[Opening Listed entries section]

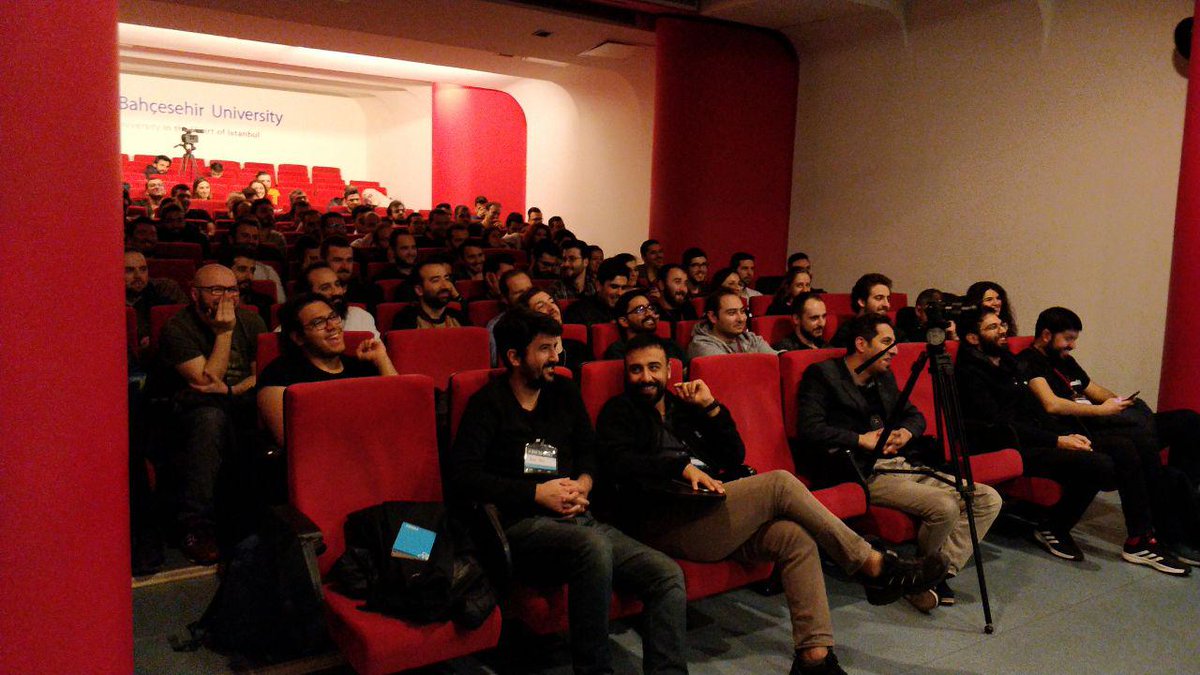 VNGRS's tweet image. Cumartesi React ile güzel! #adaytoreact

[Closing Listed entries section]
[Opening Listed entries section]

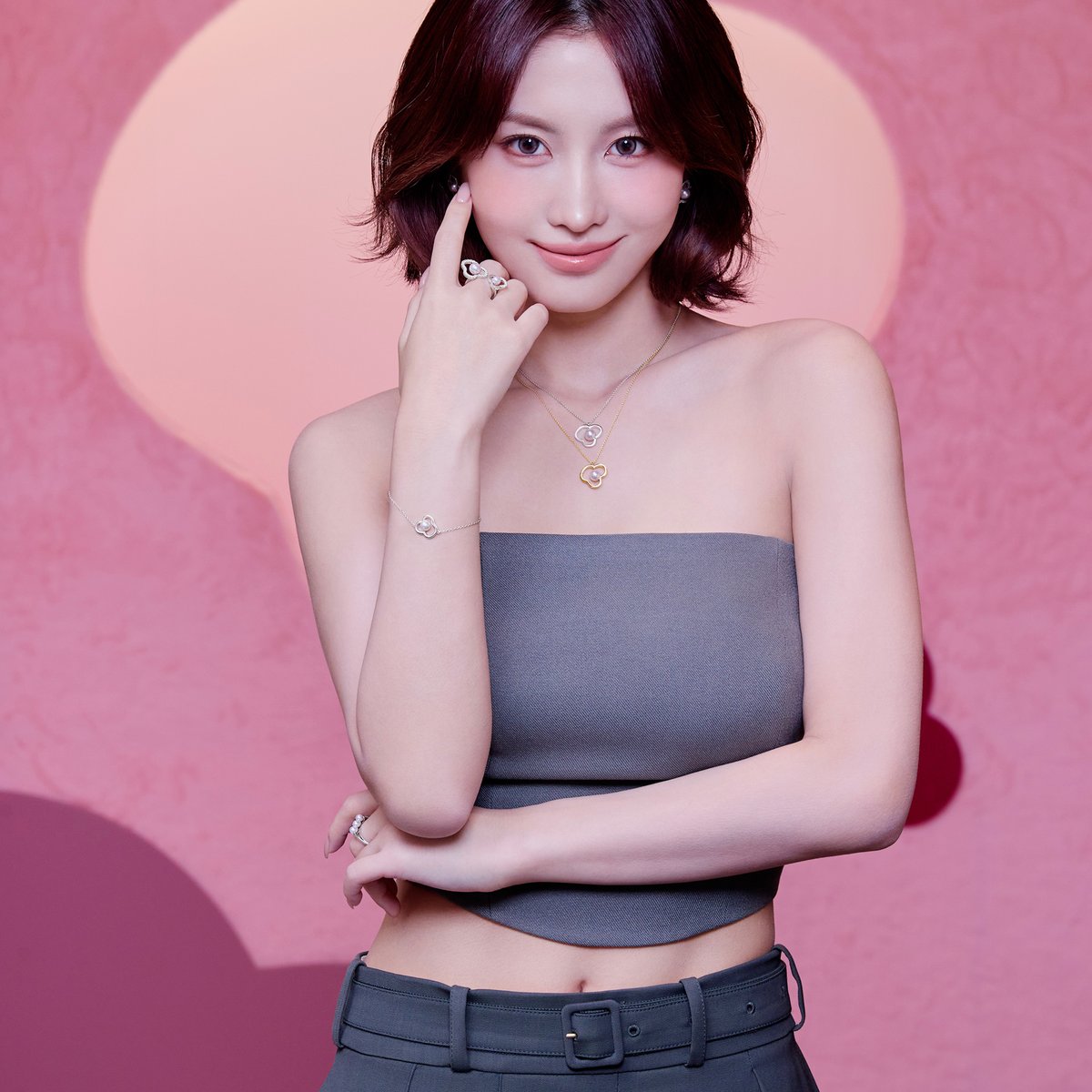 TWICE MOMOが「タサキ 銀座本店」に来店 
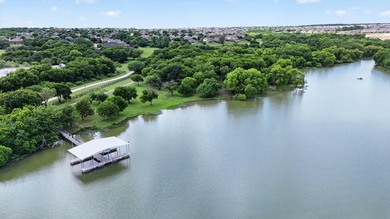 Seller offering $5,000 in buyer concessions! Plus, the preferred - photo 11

[Closing Listed entries section]
[Opening Listed entries section]

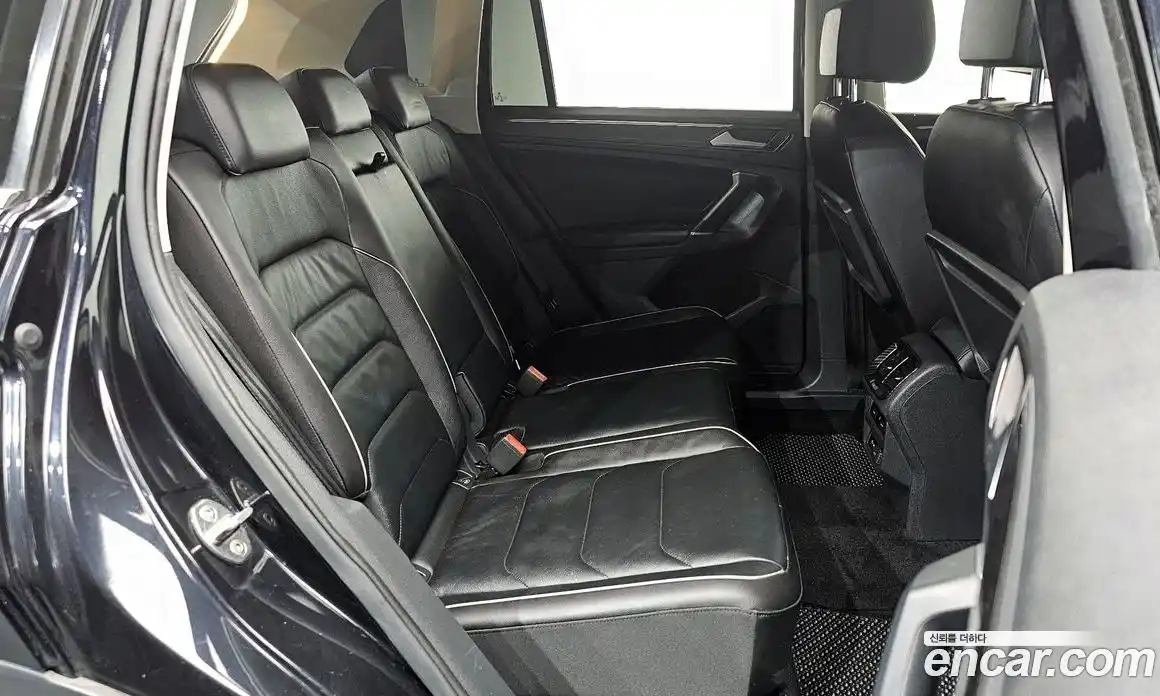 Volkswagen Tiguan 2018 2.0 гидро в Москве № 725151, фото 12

[Closing Listed entries section]

**Task instructions:** Looking above, find the stretch of lines that opens with the one holding "TWICE MOMOが「タサキ 銀座本店」に来店" and closes with the one holding "Seller offering $5,000". Copy it exactly, pictures excluded.

**Reply:**
 TWICE MOMOが「タサキ 銀座本店」に来店 
 Seller offering $5,000 in buyer concessions! Plus, the preferred - photo 11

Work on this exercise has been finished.